XDOF builds data pipelines, collection tools, and annotation systems for robotics foundation models.
XDOF builds infrastructure for robotics foundation models. Its core offering includes data pipelines, collection tools, and annotation systems that enable frontier AI labs and robotics companies to generate, clean, and label the physical interaction data needed to train capable robots.
The company operates across a three-tier data pyramid. The most valuable tier uses teleoperation on deployed robots. The middle tier applies general teleoperated collection through GELLO-style frameworks, while the third tier captures egocentric data from humans performing everyday tasks.
The robotics industry is racing toward general-purpose physical intelligence, but a critical data bottleneck remains.
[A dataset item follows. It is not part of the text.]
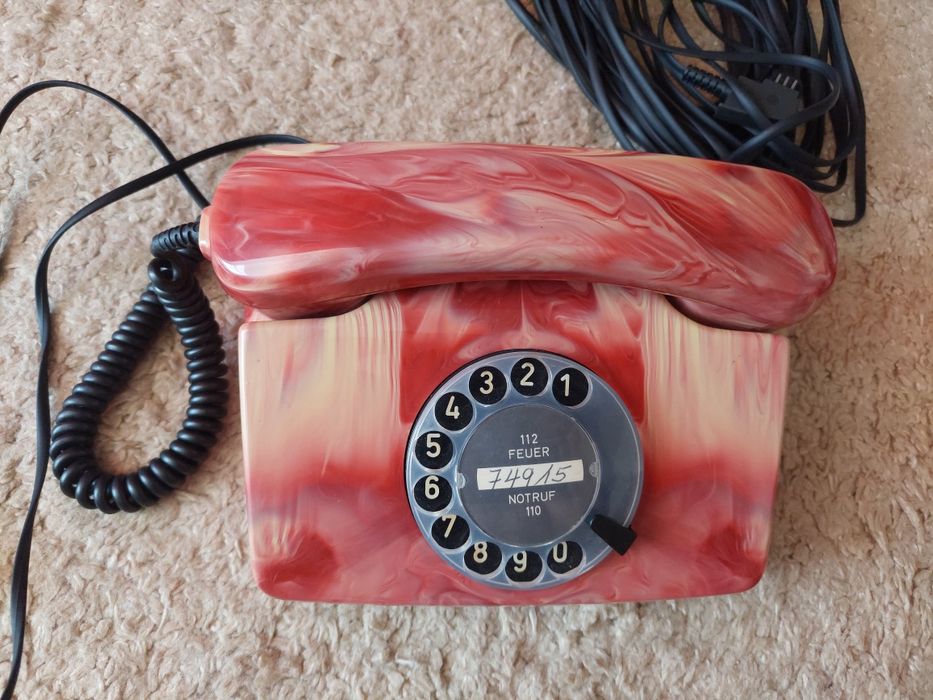 Telefon fix cu disc ,stare super ,culoare deosebita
While generative models have consumed vast public text, robots need high-fidelity physical interaction data that cannot be scraped from the internet, creating demand for specialized data infrastructure.
XDOF is betting that data collection, cleaning, and annotation will become a foundational layer of the physical AI stack. Frontier AI labs and robotics companies appear willing to outsource this capital-intensive, operationally complex work rather than build warehouses of robots and train armies of teleoperators themselves.
XDOF differentiates through its full-stack expertise spanning hardware, operations, and policy training, rooted in Berkeley AI research. The founding team co-authored GELLO, a widely adopted low-cost teleoperation system, giving the company deep credibility in data collection tooling.
The company also combines data provision with cleaning, tooling, and annotation to create a self-reinforcing feedback loop for robot trainers. Its open-source ABC-130K dataset, released with UC Berkeley, contains more than 130,000 episodes across 195 bimanual manipulation tasks, demonstrating operational scale and research credibility.